I have a question about extracting PDF labels with the Aspose.PDF library.
I have a very well defined PDF document which contains labels in order to specify the print page numbers in the documents, using a combination of both Roman and Arabic numerals. In a pdf viewer the page numbers are rendered in the right way, so the “metadata” is there.
For example
image.png (292.3 KB)
I need to extract this number/symbol information and map it to the PDF Page Number Aspose.PDF returns when iterating through the pages in a loop, because for example PDFPage number 10 can have a print page number 13, or xiii…
I’m trying to achieve this with the following code snipped, but I’m getting very strange and incomplete results. In some of my documents only a subset of the labels is returned, on others only the information from the first page, or no labels at all are retrieved, etc…
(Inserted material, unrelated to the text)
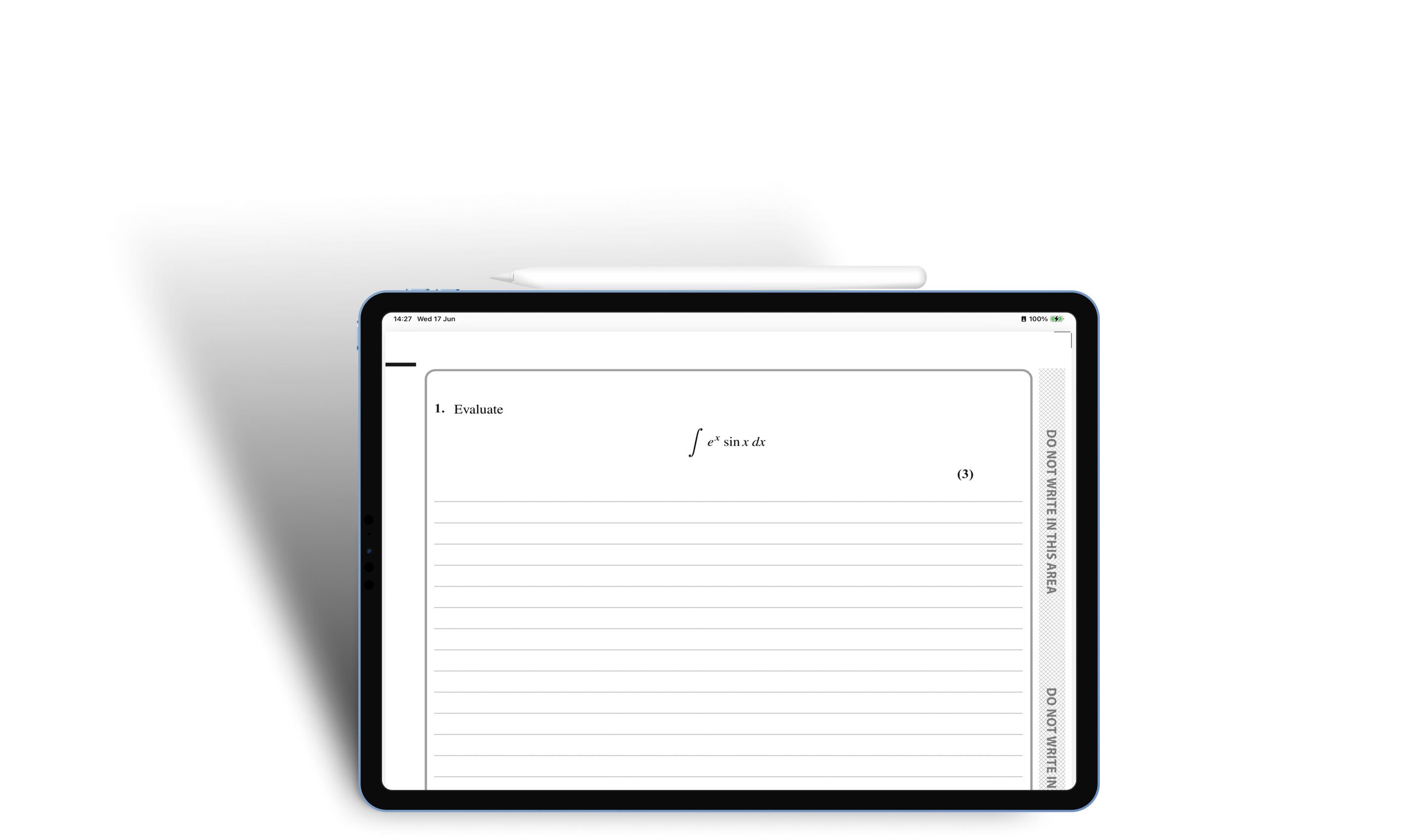 iPad demo showing Chiron check math with symbolic logic as it is being written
using (Stream stream = File.OpenRead("1.pdf"))
{
Aspose.Pdf.Document document = new(stream);
for (int i = 0; i < 100; i++)
{
var pageNumber = i + 1;
Aspose.Pdf.PageLabel label = document.PageLabels.GetLabel(i);
Aspose.Pdf.Document pageDocument = new();
var page = document.Pages[pageNumber];
pageDocument.Pages.Add(page);
...
}
}
Can this be because of a licensing issue with Aspose.PDF(currently trying it on a trial license to make sure it works before proceeding with a purchase), a bug, or maybe there’s another way to extract this information with Aspose.PDF?
Itext7 manages to extract the labels on all my test documents without an issue, so I don’t think there is a problem with the documents.